§ PROBLEM TO SOLVE
Lines from the one containing "Yedcom Xiaomi Mi" through the final line of the records below are needed, copied exactly, with no pictures.

§ Scraped caption text data
┄┄┄┄┄┄

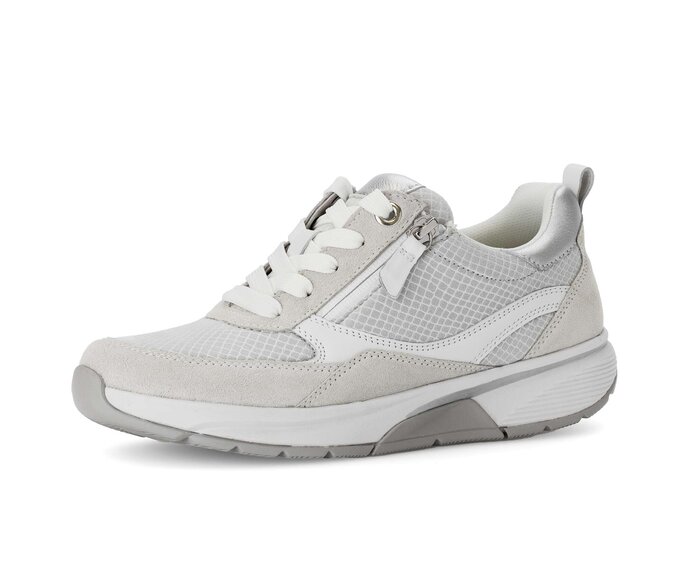 Gabor Damen  Sneaker Low Grau - Materialmix Leder/Lederimitat
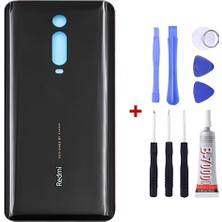 Yedcom Xiaomi Mi 9t Siyah Arka Cam Kapak Pil Kapağı Tamir Set Beraber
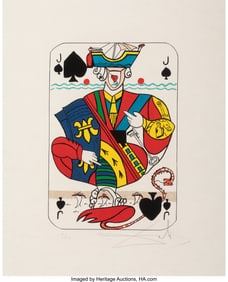 40081&colon; Salvador Dalí &lpar;1904-1989&rpar; Jack of Spades&comma; from 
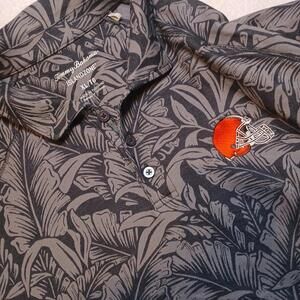 Tommy Bahama Islandzone Polo Cleveland Browns Mens XL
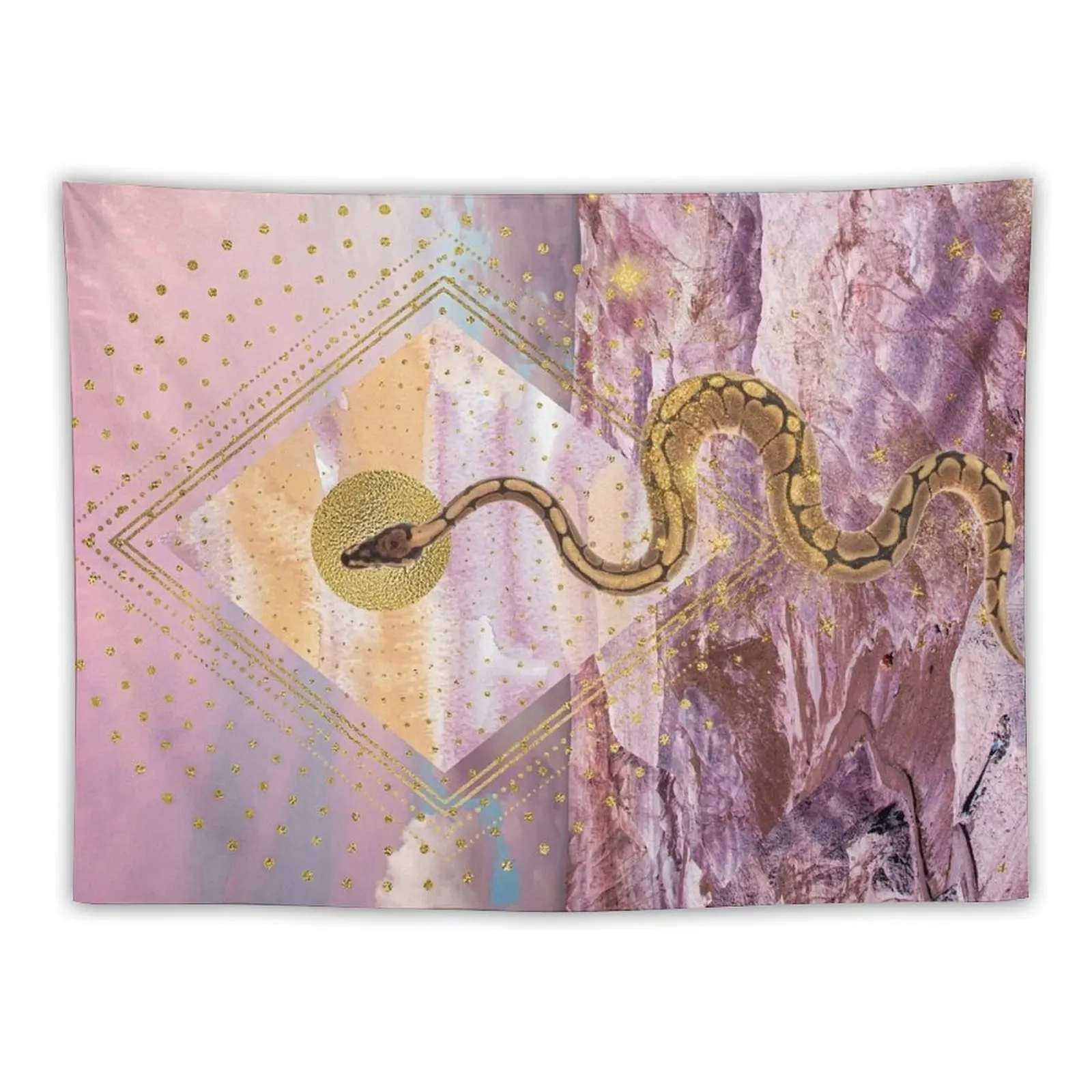 Sparkle serpent Tapestry Room Decor Korean Style Decorative Wall Murals Tapestry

┄┄┄┄┄┄

§ ANSWER TO THIS EXERCISE
 Yedcom Xiaomi Mi 9t Siyah Arka Cam Kapak Pil Kapağı Tamir Set Beraber
 40081&colon; Salvador Dalí &lpar;1904-1989&rpar; Jack of Spades&comma; from 
 Tommy Bahama Islandzone Polo Cleveland Browns Mens XL
 Sparkle serpent Tapestry Room Decor Korean Style Decorative Wall Murals Tapestry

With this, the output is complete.